Data for this task:

^^^^^^^^

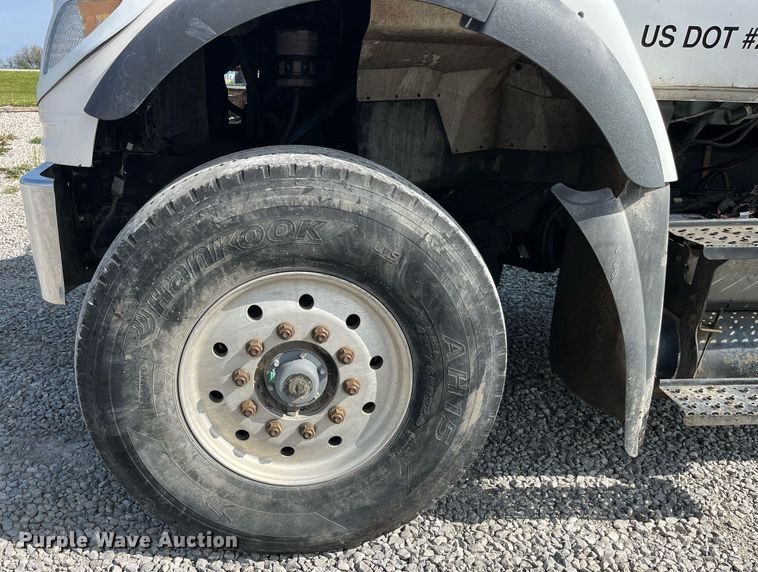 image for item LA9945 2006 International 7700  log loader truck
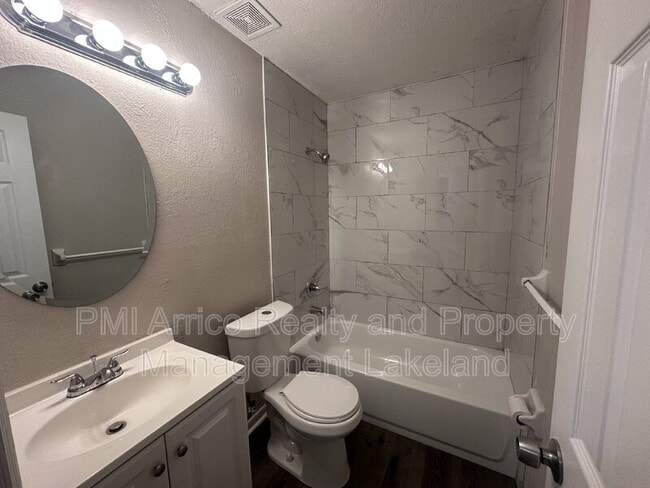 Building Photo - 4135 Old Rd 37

^^^^^^^^

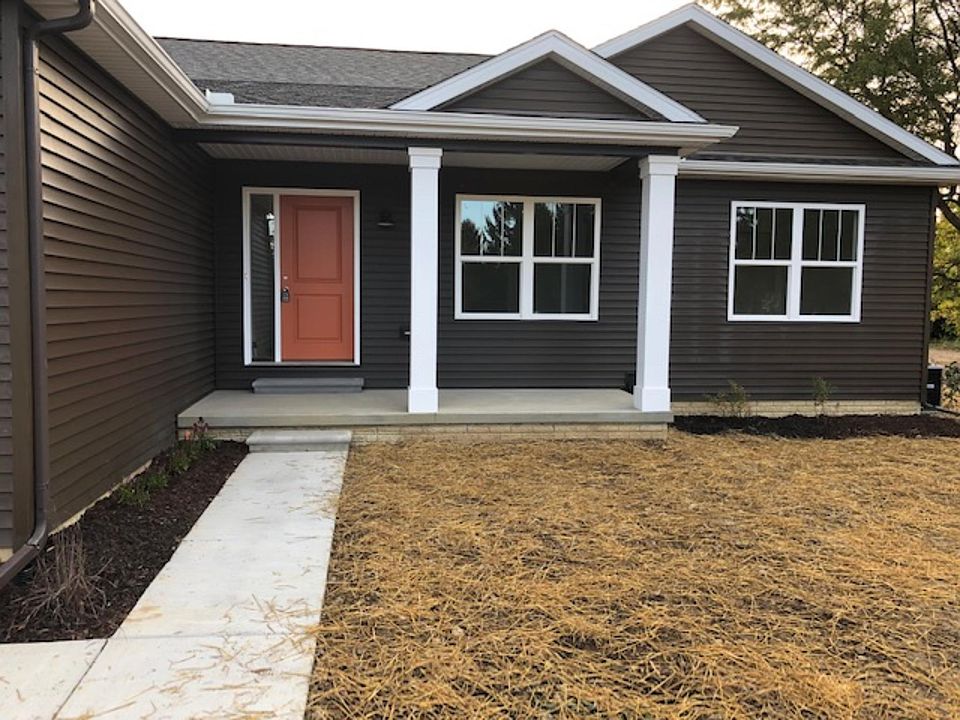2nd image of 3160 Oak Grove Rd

^^^^^^^^

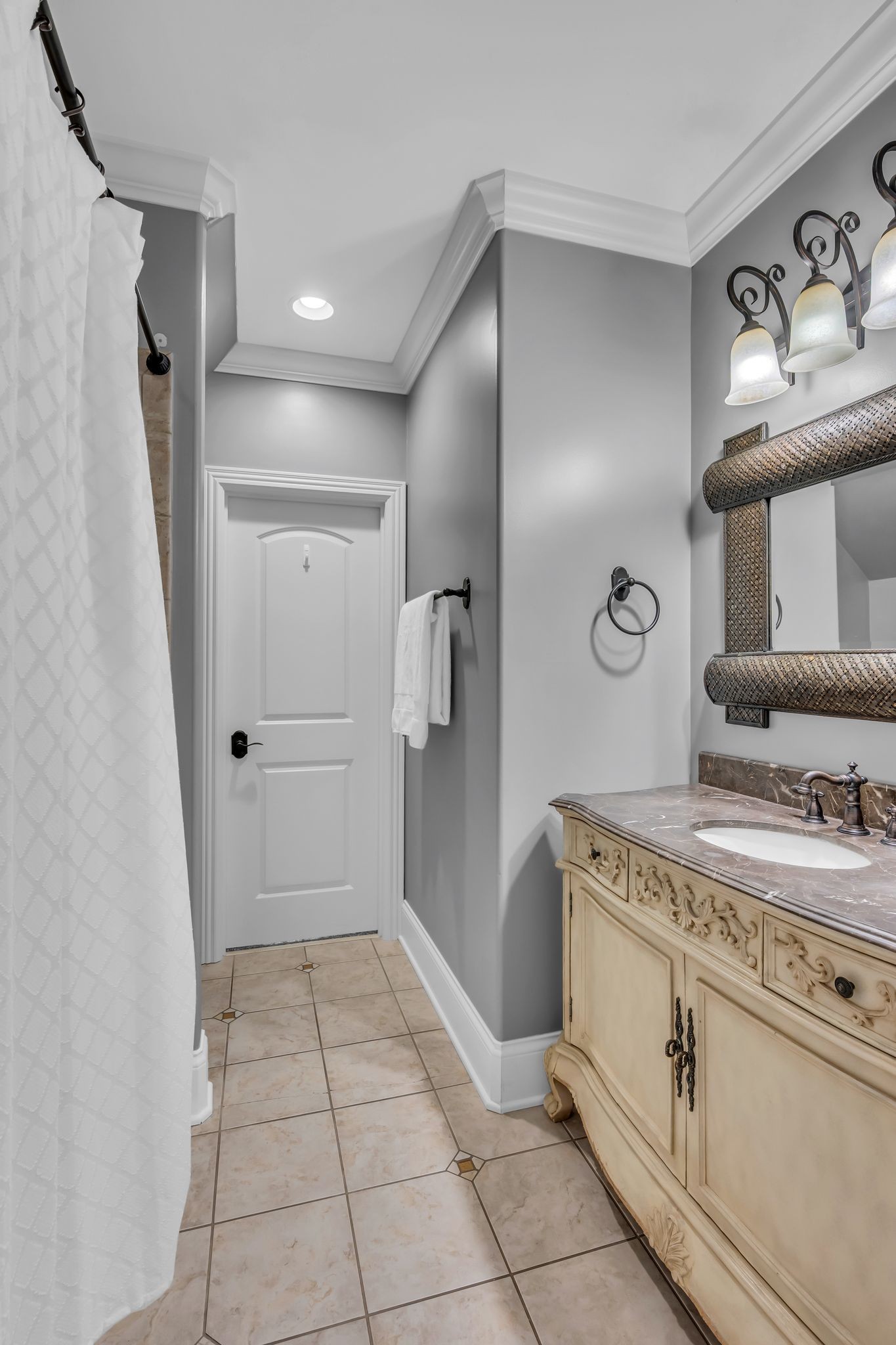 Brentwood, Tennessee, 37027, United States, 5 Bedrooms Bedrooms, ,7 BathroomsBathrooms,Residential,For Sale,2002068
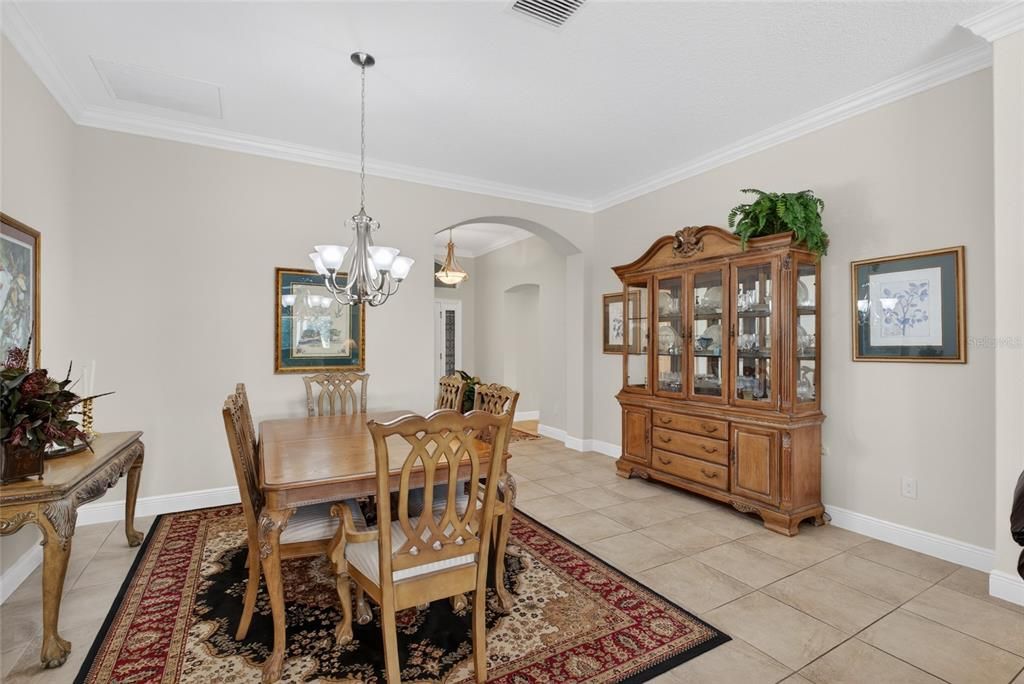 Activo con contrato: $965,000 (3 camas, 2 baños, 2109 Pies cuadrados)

^^^^^^^^

Your task:
Set down exactly the lines above, from the line containing "image for item" through the line containing "Building Photo - 4135 Old Rd 37". Skip the pictures.

Expected output:
 image for item LA9945 2006 International 7700  log loader truck
 Building Photo - 4135 Old Rd 37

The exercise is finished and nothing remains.